### Work required
Retype every record exactly. Skip the images.

Items from a dataset:

◆ ◆ ◆

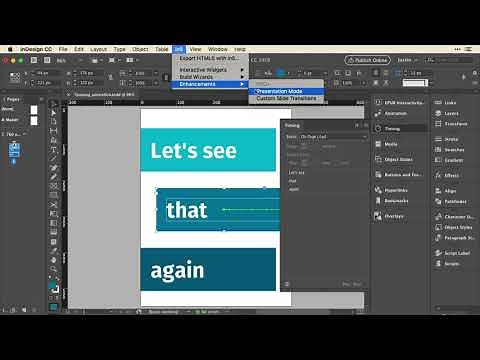 How to Loop an Entire Animated Sequence with InDesign & in5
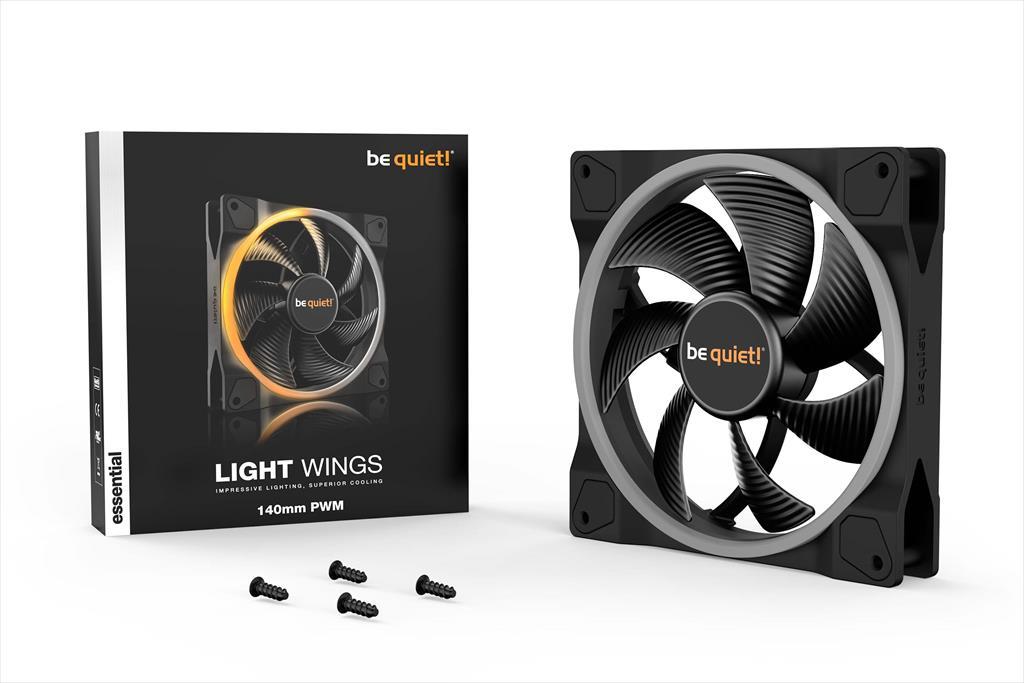 COOLERS CASE FAN 140mm BE QUIET! LIGHT WINGS PWM 1.700rpm ARGB, RIFLE BEARING, BL074 36335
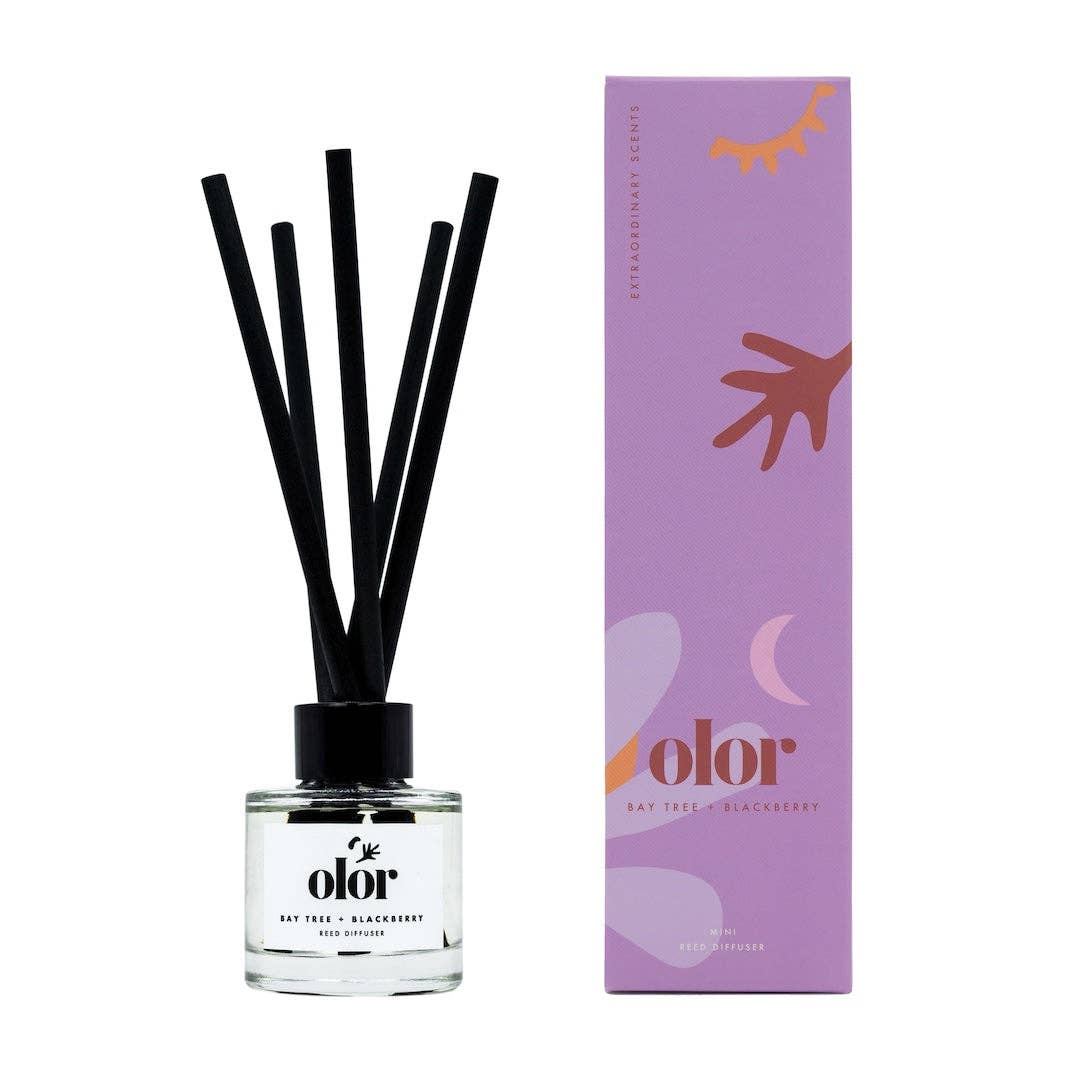 OLOR - Bay Tree + Blackberry Mini Reed Diffuser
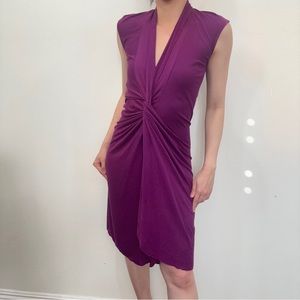 Yves Saint Laurent YSL purple dress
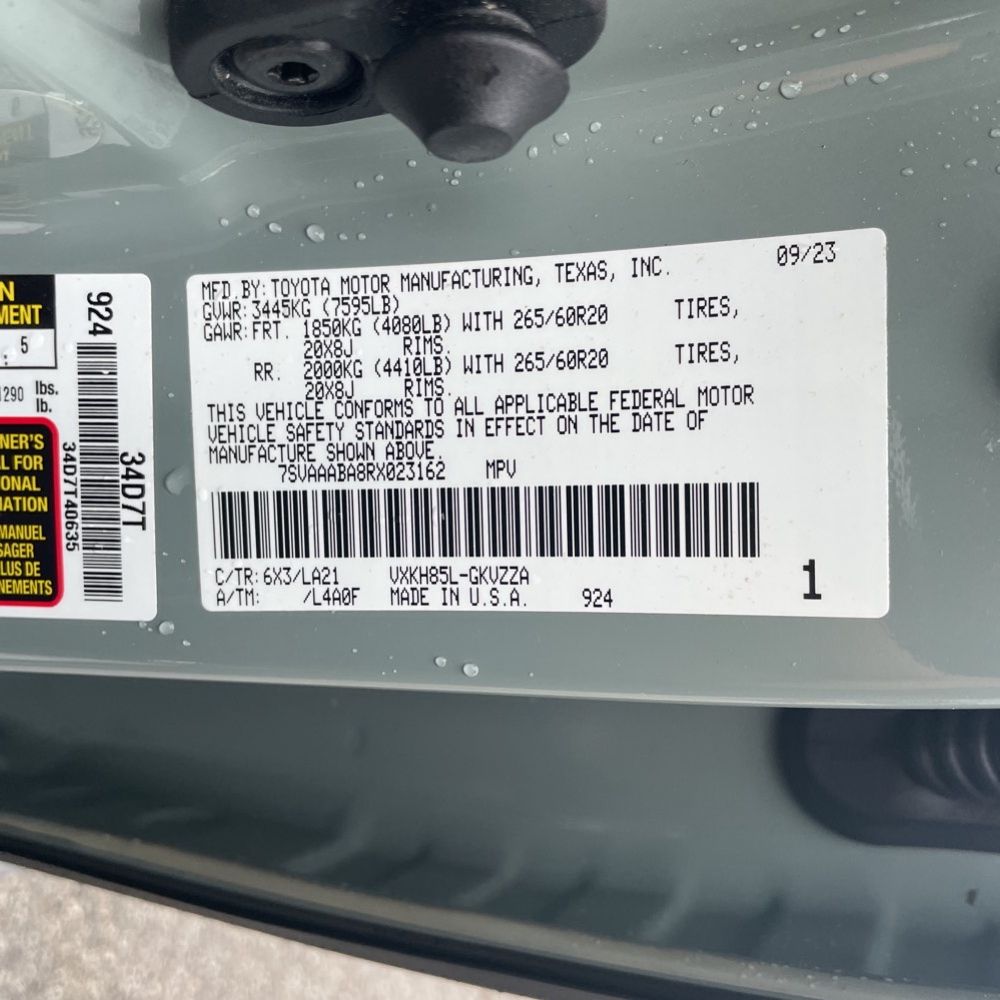 2024 Toyota Sequoia Platinum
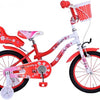 Volare Lovely Kinderfiets Meisjes 16 inch Rood Wit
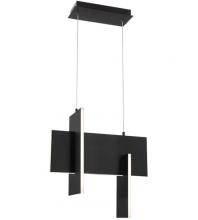 Eurofase 37346-027 - COBURG,PENDANT,LED,LRG,BLK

◆ ◆ ◆

### Response area
 How to Loop an Entire Animated Sequence with InDesign & in5
 COOLERS CASE FAN 140mm BE QUIET! LIGHT WINGS PWM 1.700rpm ARGB, RIFLE BEARING, BL074 36335
 OLOR - Bay Tree + Blackberry Mini Reed Diffuser
 Yves Saint Laurent YSL purple dress
 2024 Toyota Sequoia Platinum
 Volare Lovely Kinderfiets Meisjes 16 inch Rood Wit
 Eurofase 37346-027 - COBURG,PENDANT,LED,LRG,BLK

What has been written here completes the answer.